The faster path connection can be even higher speed than offered
from the highest quality of service (QoS) traffic.
[0037] At 402, a requester requests a connection manager for the
establishment of a faster path connection. The requester can be,
for example, a virtual machine (VM), container, HPC on tenant,
application, or other software or hardware. The connection manager
can be a trusted entity on a host or network interface and an
orchestrator. This request can include the source IP address,
destination IP address, and expected packet format (e.g., maximum
packet payload size). The requester may not have the ability to
establish a faster path connection and instead, the connection
manager forms the faster path connection. A trusted entity can
reject a request to create a faster path for a variety of reasons.
For example, the requester may have exceeded a number of faster
path allocations, the requester is not suitable for using faster
path, or a receiver VM is not suitable for using faster path
communication.
[0038] At 404, if the connection manager approves the creation of a
faster path connection, the connection manager sets up an
end-to-end connection of faster transmit and receive queue
configurations from the transmitter, through the network, and to
the destination receiver. In some examples, action 404 can include
one or more of: actions 406, 408, and 410.
[0039] For example, at 406, the connection manager can determine or
assign a faster path routing and queue tag for the request and
future transmissions using the faster path, a packet structure for
the request, expected header values for the request (e.g., MAC
source and destination addresses, IP source and destination
addresses, VLAN tags, and so forth).
[0040] For example, at 408, the connection manager in coordination
with an orchestrator can set a switch path through switching and
routing devices (including ingress ports, egress ports, transmit
queues, and receive queues in each device through the switch path),
and also sets the destination queue at the endpoint destination.
The connection manager can set the faster path through the network
by coordinating with a network orchestrator that controls network
traffic routing.
[0041] For example, at 410, the connection manager coordinates with
the network orchestrator to inform the in-path switches or routers,
and the destination receiver of the new tags and the routing
decisions to be made based on the faster path tag. Connection
manager coordinates with the network orchestrator to inform the
switches, routers, and receiver of the faster path of faster
context information including one or more of: routing and queue
tag, packet structure, expected header value (MAC source and
destination addresses, IP source and destination addresses, VLAN
tags, and so forth) as part of the queue context. Subsequently, a
look-up operation can be performed to verify context information
for each packet based on its faster path tag (e.g., routing and/or
queue tag). If the context information is verified, the packet is
considered permitted to use the faster path.

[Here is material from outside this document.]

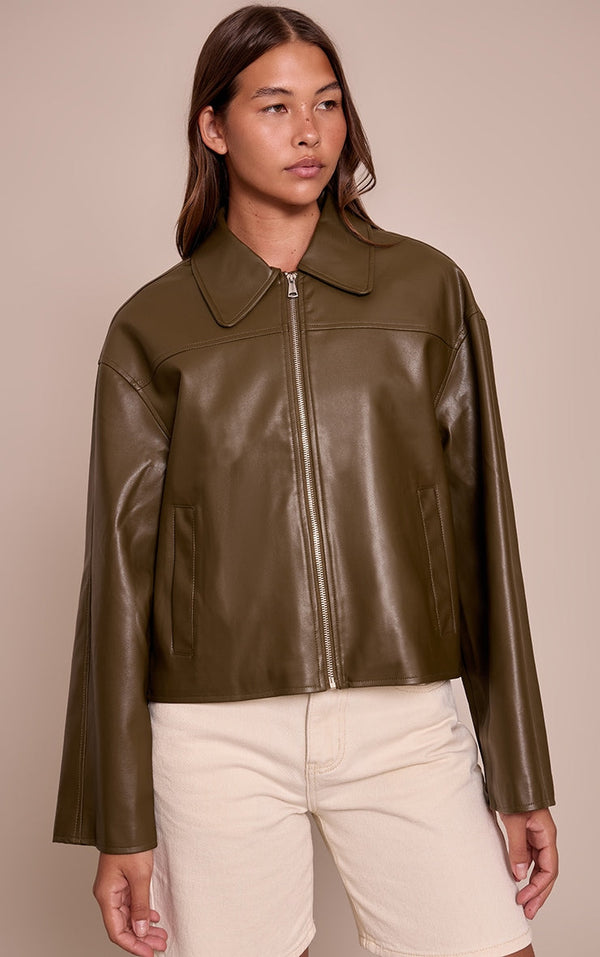 Chaqueta PU Cierre Frontal Mi tienda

[0042] At 412, the connection manager shares the faster path tag,
transmission queue, and faster packet structure with the requester.
Subsequently, the requester can use the faster path tag and
specified transmission queue to transmit one or more packets using
a faster path by forming a packet and including the routing and
queue tag in each packet header. In an example, the faster path tag
and faster path connection can be valid for a period of time and
closed for packet transmission requests after the time expires. In
another example, the faster path tags and connection are open until
an unverified use is detected or the requester, trusted entity, or
orchestrator closes the connection.
[0043] FIG. 5 depicts an example process that can be used by a
transmitting system to determine if a packet is to be transmitted
using a faster path or normal path. At 502, a requester requests a
packet transmission using a faster traffic path. For example, a VM
forms a transmit packet in a packet queue for transmission that
includes a routing tag in its layer 2 header (e.g., MAC layer). The
VM can feed eager traffic to the network interface device as "push"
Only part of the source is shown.